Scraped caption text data
----

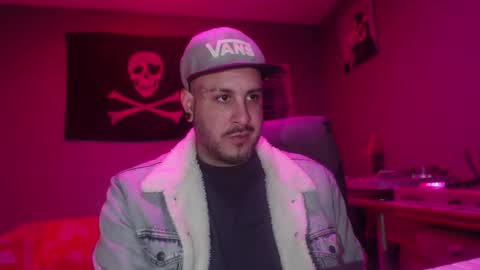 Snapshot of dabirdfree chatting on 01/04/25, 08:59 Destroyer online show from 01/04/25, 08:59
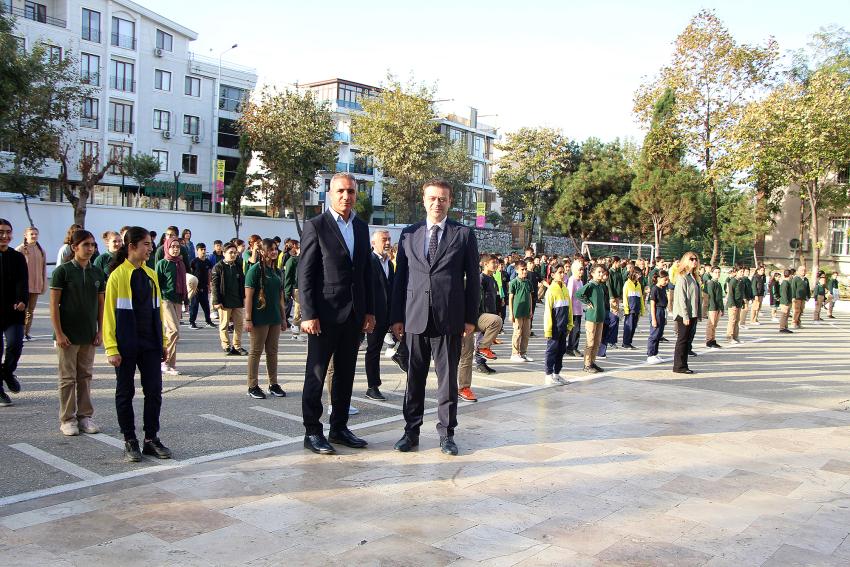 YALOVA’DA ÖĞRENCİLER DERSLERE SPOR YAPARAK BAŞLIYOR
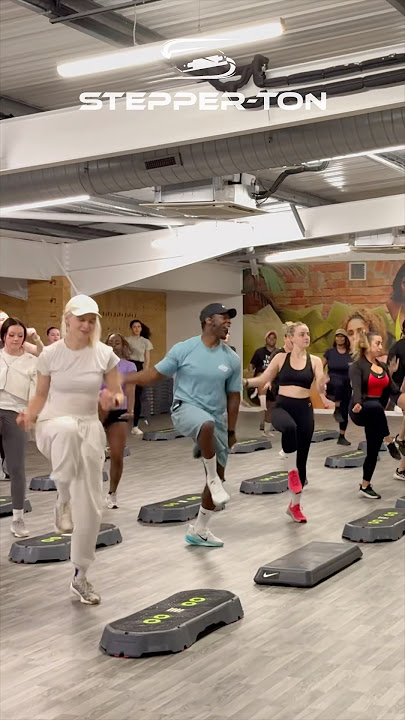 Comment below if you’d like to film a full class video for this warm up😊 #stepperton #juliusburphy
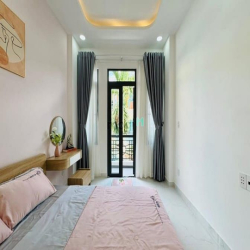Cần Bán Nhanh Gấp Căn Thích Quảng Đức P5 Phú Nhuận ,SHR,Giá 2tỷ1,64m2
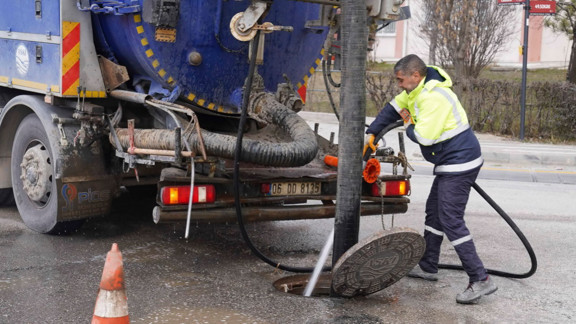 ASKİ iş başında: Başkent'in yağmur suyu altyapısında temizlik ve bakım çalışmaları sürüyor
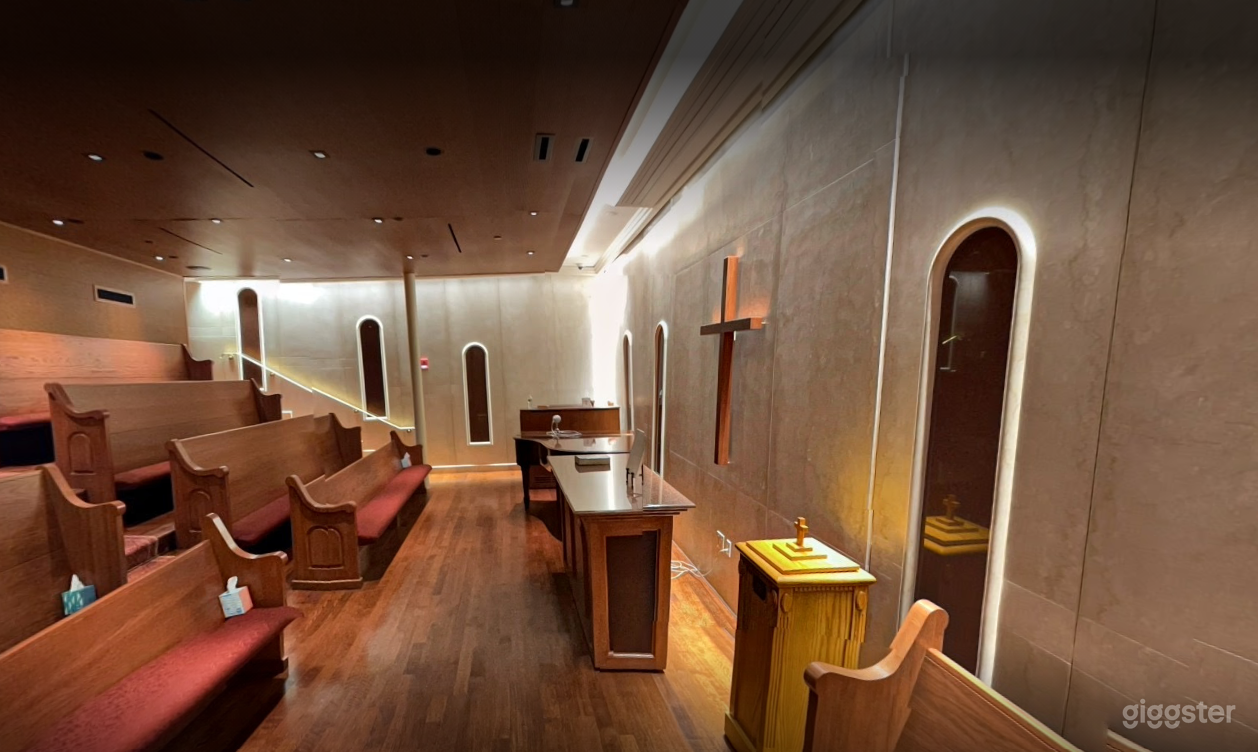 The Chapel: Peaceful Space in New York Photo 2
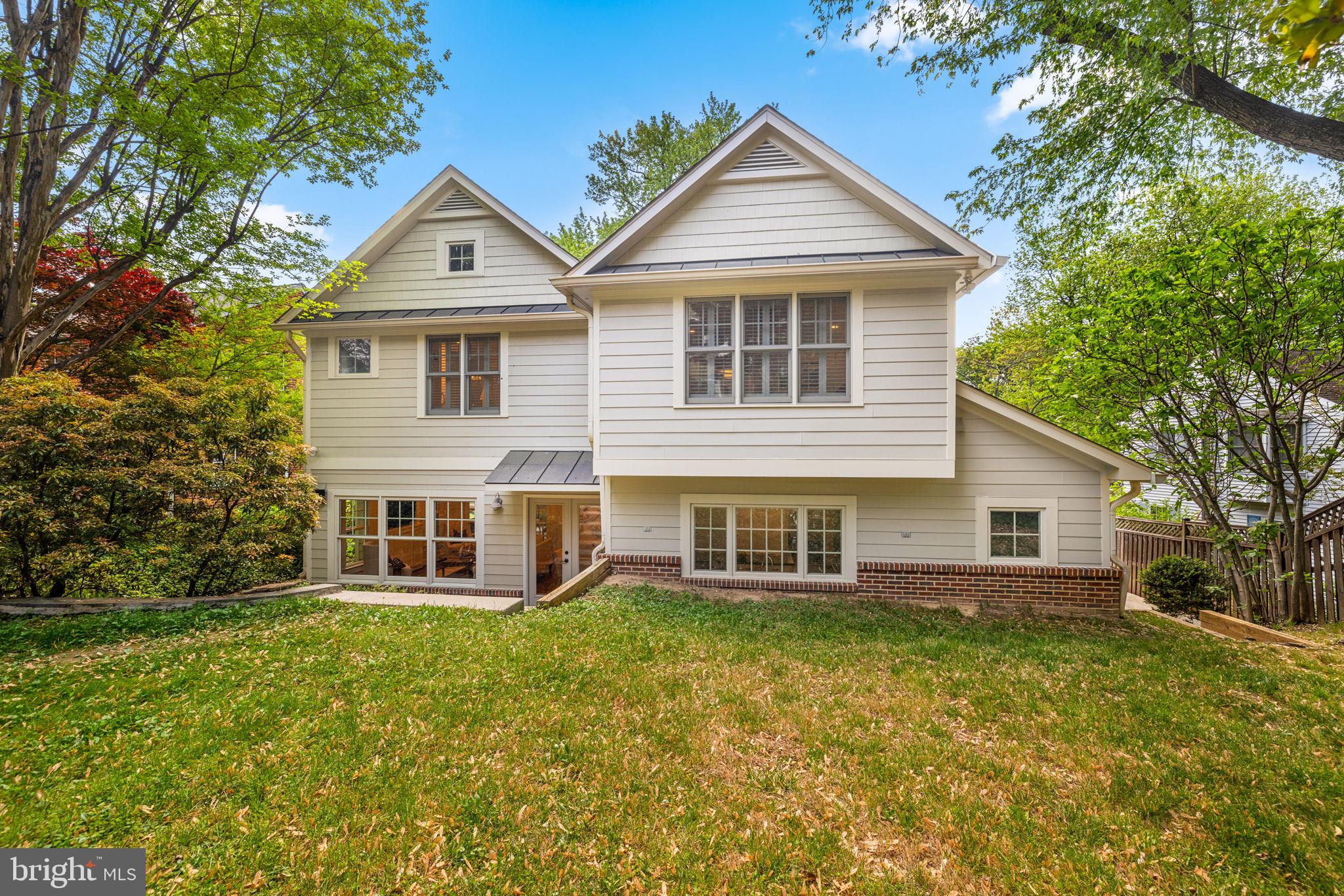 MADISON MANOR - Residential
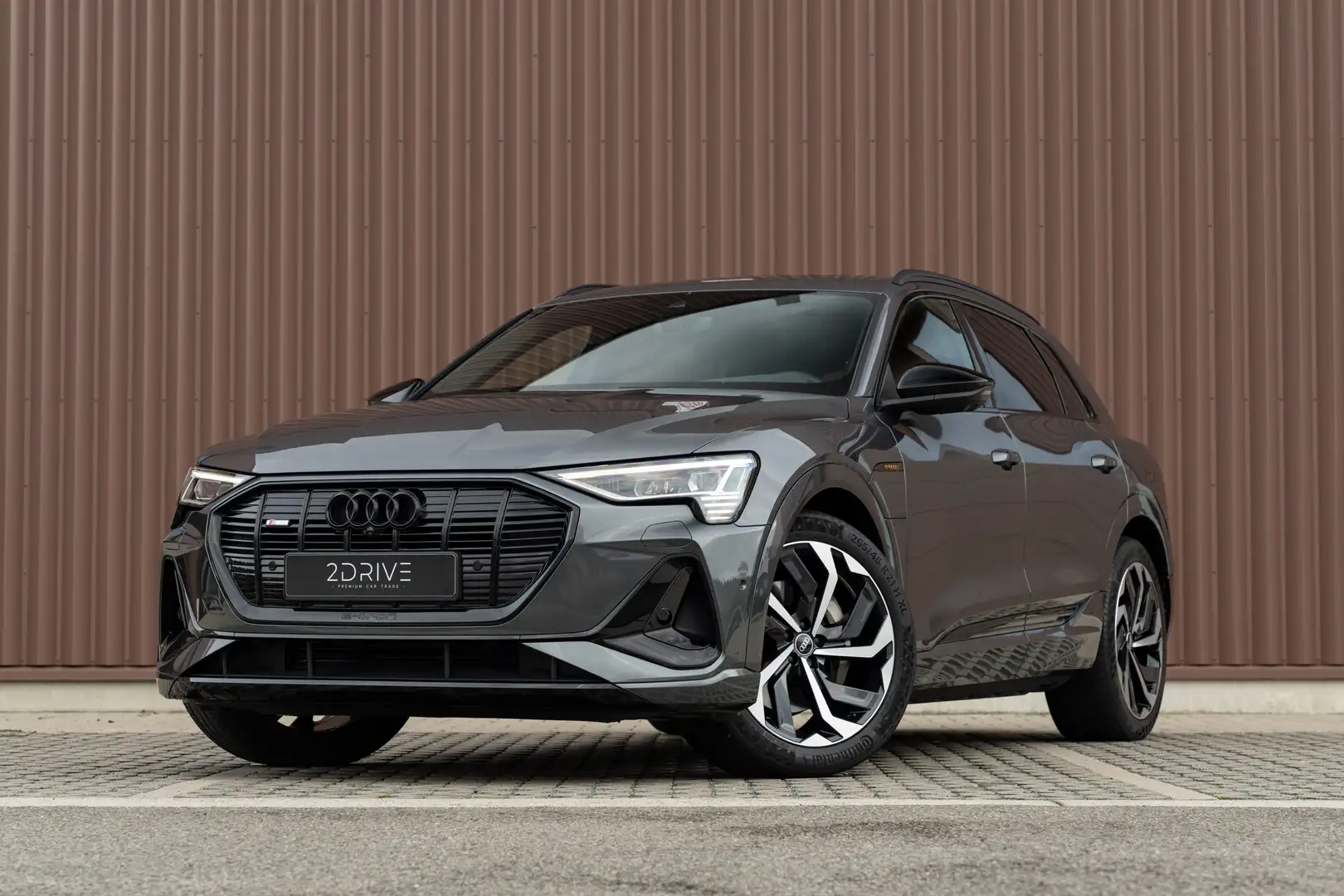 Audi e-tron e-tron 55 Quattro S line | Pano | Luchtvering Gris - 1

----

Before duplicating, set the pictures aside; then output exactly the lines from the one with "The Chapel: Peaceful" through the end of the records, and only those.

 The Chapel: Peaceful Space in New York Photo 2
 MADISON MANOR - Residential
 Audi e-tron e-tron 55 Quattro S line | Pano | Luchtvering Gris - 1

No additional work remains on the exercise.